The Enforcement Directorate is not a single agency operating one statute. It is a multi-statute investigation body whose toolkit spans the Prevention of Money Laundering Act 2002 (criminal), the Foreign Exchange Management Act 1999 (civil-adjudicative), and the Fugitive Economic Offenders Act 2018 (asset-confiscation regime). A defence engagement at the ED therefore turns first on identifying which statute is in play, which sub-unit of the ED is investigating, and what stage the matter has reached. The procedural treatment differs sharply across the three statutes — in some cases, the same conduct is the subject of parallel PMLA and FEMA proceedings before different adjudicators on different timelines.

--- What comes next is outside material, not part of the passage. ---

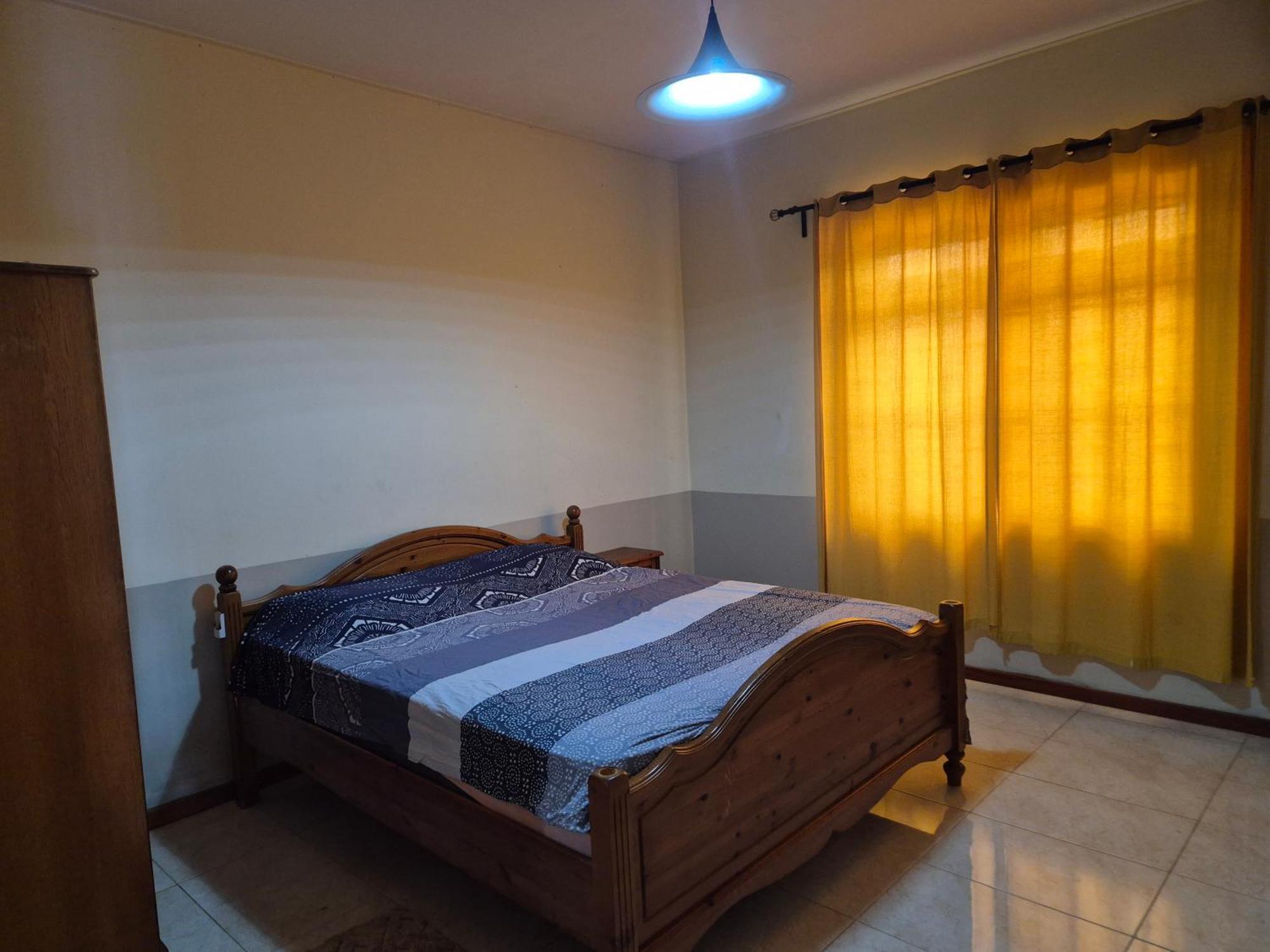 Chander'S Villa Парамарибо Екстериор снимка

The institutional architecture of the ED is concentrated in Delhi. Pravartan Bhawan houses the Director, the Special Director (Headquarters), and the central investigation units. The Adjudicating Authority for PMLA attachments and the Adjudicating Authority for FEMA contraventions sit within the Delhi establishment. The Appellate Tribunal under SAFEMA — which hears appeals from PMLA Section 8 confirmations and FEMA Section 18 orders — is also Delhi-based. The PMLA Special Court designated under Section 43 sits at the Patiala House Court Complex (and, for some matters, Rouse Avenue District Court). The Delhi High Court hears Section 482 BNSS quashing petitions, Section 483 BNSS bail applications, Article 226 writ challenges, and FEMA appeals from the Tribunal under Section 35. The Supreme Court is the final forum, ordinarily reached via SLP under Article 136.
The Three Statutes
The defence framework changes by statute. The starting question in every engagement is which Act is invoked.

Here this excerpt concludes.